The expected output is every entry, repeated word for word.

Content starts

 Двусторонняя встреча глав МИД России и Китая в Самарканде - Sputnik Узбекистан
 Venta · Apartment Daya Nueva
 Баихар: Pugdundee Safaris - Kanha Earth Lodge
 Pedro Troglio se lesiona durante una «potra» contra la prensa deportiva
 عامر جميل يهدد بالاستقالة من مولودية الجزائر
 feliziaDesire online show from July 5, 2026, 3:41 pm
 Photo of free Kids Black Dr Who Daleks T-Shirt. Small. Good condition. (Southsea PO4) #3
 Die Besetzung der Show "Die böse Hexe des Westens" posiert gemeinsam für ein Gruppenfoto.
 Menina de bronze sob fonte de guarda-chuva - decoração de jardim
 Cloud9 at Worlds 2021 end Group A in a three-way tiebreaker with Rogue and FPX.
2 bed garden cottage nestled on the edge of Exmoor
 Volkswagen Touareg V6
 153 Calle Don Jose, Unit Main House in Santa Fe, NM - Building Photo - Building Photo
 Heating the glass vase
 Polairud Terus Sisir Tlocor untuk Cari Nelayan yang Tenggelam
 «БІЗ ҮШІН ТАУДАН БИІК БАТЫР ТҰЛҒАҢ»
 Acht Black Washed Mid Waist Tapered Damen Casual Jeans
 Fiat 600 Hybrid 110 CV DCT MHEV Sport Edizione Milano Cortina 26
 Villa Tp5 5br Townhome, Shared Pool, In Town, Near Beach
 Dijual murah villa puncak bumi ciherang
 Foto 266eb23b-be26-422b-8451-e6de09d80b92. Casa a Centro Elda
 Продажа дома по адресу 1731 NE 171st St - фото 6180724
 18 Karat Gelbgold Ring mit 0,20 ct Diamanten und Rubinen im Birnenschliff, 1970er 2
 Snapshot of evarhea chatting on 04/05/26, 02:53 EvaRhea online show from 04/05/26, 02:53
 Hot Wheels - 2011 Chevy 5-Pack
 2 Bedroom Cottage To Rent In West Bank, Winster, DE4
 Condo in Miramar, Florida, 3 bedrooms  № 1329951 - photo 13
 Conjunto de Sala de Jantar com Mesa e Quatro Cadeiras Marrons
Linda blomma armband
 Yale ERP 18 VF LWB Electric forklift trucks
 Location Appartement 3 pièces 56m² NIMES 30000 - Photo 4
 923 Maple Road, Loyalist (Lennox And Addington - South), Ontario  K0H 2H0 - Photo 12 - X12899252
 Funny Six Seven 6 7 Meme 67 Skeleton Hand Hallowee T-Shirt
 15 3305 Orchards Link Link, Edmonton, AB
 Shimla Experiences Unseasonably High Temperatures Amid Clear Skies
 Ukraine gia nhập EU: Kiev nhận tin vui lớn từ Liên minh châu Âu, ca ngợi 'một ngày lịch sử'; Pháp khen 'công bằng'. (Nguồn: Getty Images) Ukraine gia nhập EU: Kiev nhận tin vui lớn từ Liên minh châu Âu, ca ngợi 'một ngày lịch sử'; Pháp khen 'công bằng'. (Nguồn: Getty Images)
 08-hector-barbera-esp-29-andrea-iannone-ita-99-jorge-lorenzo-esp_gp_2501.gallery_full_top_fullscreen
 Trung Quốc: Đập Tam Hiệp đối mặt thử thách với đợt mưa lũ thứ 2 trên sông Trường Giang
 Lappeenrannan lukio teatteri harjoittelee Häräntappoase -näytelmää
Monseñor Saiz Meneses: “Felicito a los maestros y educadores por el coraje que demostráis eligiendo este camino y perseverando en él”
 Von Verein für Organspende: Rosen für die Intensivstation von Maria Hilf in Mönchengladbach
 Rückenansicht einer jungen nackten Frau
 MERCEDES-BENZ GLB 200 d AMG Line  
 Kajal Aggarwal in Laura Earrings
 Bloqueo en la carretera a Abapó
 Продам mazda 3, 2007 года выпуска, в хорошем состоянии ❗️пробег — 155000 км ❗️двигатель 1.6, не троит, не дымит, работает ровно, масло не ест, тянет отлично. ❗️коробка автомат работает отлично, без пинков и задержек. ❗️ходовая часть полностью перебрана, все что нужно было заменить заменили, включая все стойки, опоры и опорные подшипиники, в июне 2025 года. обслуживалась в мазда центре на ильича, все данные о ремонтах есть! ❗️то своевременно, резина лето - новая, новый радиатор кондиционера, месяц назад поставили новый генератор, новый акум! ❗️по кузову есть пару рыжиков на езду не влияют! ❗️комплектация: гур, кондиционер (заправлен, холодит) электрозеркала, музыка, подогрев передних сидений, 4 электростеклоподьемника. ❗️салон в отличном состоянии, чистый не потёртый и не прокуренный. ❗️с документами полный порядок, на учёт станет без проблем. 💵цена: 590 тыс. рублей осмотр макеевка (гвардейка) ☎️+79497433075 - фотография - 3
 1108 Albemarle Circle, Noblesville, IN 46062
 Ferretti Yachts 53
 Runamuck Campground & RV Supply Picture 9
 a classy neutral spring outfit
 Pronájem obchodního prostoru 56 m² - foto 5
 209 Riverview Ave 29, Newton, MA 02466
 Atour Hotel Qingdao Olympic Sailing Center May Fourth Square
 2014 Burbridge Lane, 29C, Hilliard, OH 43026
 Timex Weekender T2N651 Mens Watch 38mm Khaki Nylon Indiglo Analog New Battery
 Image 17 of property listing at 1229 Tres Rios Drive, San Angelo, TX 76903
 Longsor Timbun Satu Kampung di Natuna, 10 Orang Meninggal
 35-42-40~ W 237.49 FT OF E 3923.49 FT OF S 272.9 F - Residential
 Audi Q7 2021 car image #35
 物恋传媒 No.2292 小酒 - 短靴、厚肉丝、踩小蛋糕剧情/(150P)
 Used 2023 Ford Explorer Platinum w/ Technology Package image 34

Content ends

COMPLETED TASK
 Двусторонняя встреча глав МИД России и Китая в Самарканде - Sputnik Узбекистан
 Venta · Apartment Daya Nueva
 Баихар: Pugdundee Safaris - Kanha Earth Lodge
 Pedro Troglio se lesiona durante una «potra» contra la prensa deportiva
 عامر جميل يهدد بالاستقالة من مولودية الجزائر
 feliziaDesire online show from July 5, 2026, 3:41 pm
 Photo of free Kids Black Dr Who Daleks T-Shirt. Small. Good condition. (Southsea PO4) #3
 Die Besetzung der Show "Die böse Hexe des Westens" posiert gemeinsam für ein Gruppenfoto.
 Menina de bronze sob fonte de guarda-chuva - decoração de jardim
 Cloud9 at Worlds 2021 end Group A in a three-way tiebreaker with Rogue and FPX.
2 bed garden cottage nestled on the edge of Exmoor
 Volkswagen Touareg V6
 153 Calle Don Jose, Unit Main House in Santa Fe, NM - Building Photo - Building Photo
 Heating the glass vase
 Polairud Terus Sisir Tlocor untuk Cari Nelayan yang Tenggelam
 «БІЗ ҮШІН ТАУДАН БИІК БАТЫР ТҰЛҒАҢ»
 Acht Black Washed Mid Waist Tapered Damen Casual Jeans
 Fiat 600 Hybrid 110 CV DCT MHEV Sport Edizione Milano Cortina 26
 Villa Tp5 5br Townhome, Shared Pool, In Town, Near Beach
 Dijual murah villa puncak bumi ciherang
 Foto 266eb23b-be26-422b-8451-e6de09d80b92. Casa a Centro Elda
 Продажа дома по адресу 1731 NE 171st St - фото 6180724
 18 Karat Gelbgold Ring mit 0,20 ct Diamanten und Rubinen im Birnenschliff, 1970er 2
 Snapshot of evarhea chatting on 04/05/26, 02:53 EvaRhea online show from 04/05/26, 02:53
 Hot Wheels - 2011 Chevy 5-Pack
 2 Bedroom Cottage To Rent In West Bank, Winster, DE4
 Condo in Miramar, Florida, 3 bedrooms  № 1329951 - photo 13
 Conjunto de Sala de Jantar com Mesa e Quatro Cadeiras Marrons
Linda blomma armband
 Yale ERP 18 VF LWB Electric forklift trucks
 Location Appartement 3 pièces 56m² NIMES 30000 - Photo 4
 923 Maple Road, Loyalist (Lennox And Addington - South), Ontario  K0H 2H0 - Photo 12 - X12899252
 Funny Six Seven 6 7 Meme 67 Skeleton Hand Hallowee T-Shirt
 15 3305 Orchards Link Link, Edmonton, AB
 Shimla Experiences Unseasonably High Temperatures Amid Clear Skies
 Ukraine gia nhập EU: Kiev nhận tin vui lớn từ Liên minh châu Âu, ca ngợi 'một ngày lịch sử'; Pháp khen 'công bằng'. (Nguồn: Getty Images) Ukraine gia nhập EU: Kiev nhận tin vui lớn từ Liên minh châu Âu, ca ngợi 'một ngày lịch sử'; Pháp khen 'công bằng'. (Nguồn: Getty Images)
 08-hector-barbera-esp-29-andrea-iannone-ita-99-jorge-lorenzo-esp_gp_2501.gallery_full_top_fullscreen
 Trung Quốc: Đập Tam Hiệp đối mặt thử thách với đợt mưa lũ thứ 2 trên sông Trường Giang
 Lappeenrannan lukio teatteri harjoittelee Häräntappoase -näytelmää
Monseñor Saiz Meneses: “Felicito a los maestros y educadores por el coraje que demostráis eligiendo este camino y perseverando en él”
 Von Verein für Organspende: Rosen für die Intensivstation von Maria Hilf in Mönchengladbach
 Rückenansicht einer jungen nackten Frau
 MERCEDES-BENZ GLB 200 d AMG Line  
 Kajal Aggarwal in Laura Earrings
 Bloqueo en la carretera a Abapó
 Продам mazda 3, 2007 года выпуска, в хорошем состоянии ❗️пробег — 155000 км ❗️двигатель 1.6, не троит, не дымит, работает ровно, масло не ест, тянет отлично. ❗️коробка автомат работает отлично, без пинков и задержек. ❗️ходовая часть полностью перебрана, все что нужно было заменить заменили, включая все стойки, опоры и опорные подшипиники, в июне 2025 года. обслуживалась в мазда центре на ильича, все данные о ремонтах есть! ❗️то своевременно, резина лето - новая, новый радиатор кондиционера, месяц назад поставили новый генератор, новый акум! ❗️по кузову есть пару рыжиков на езду не влияют! ❗️комплектация: гур, кондиционер (заправлен, холодит) электрозеркала, музыка, подогрев передних сидений, 4 электростеклоподьемника. ❗️салон в отличном состоянии, чистый не потёртый и не прокуренный. ❗️с документами полный порядок, на учёт станет без проблем. 💵цена: 590 тыс. рублей осмотр макеевка (гвардейка) ☎️+79497433075 - фотография - 3
 1108 Albemarle Circle, Noblesville, IN 46062
 Ferretti Yachts 53
 Runamuck Campground & RV Supply Picture 9
 a classy neutral spring outfit
 Pronájem obchodního prostoru 56 m² - foto 5
 209 Riverview Ave 29, Newton, MA 02466
 Atour Hotel Qingdao Olympic Sailing Center May Fourth Square
 2014 Burbridge Lane, 29C, Hilliard, OH 43026
 Timex Weekender T2N651 Mens Watch 38mm Khaki Nylon Indiglo Analog New Battery
 Image 17 of property listing at 1229 Tres Rios Drive, San Angelo, TX 76903
 Longsor Timbun Satu Kampung di Natuna, 10 Orang Meninggal
 35-42-40~ W 237.49 FT OF E 3923.49 FT OF S 272.9 F - Residential
 Audi Q7 2021 car image #35
 物恋传媒 No.2292 小酒 - 短靴、厚肉丝、踩小蛋糕剧情/(150P)
 Used 2023 Ford Explorer Platinum w/ Technology Package image 34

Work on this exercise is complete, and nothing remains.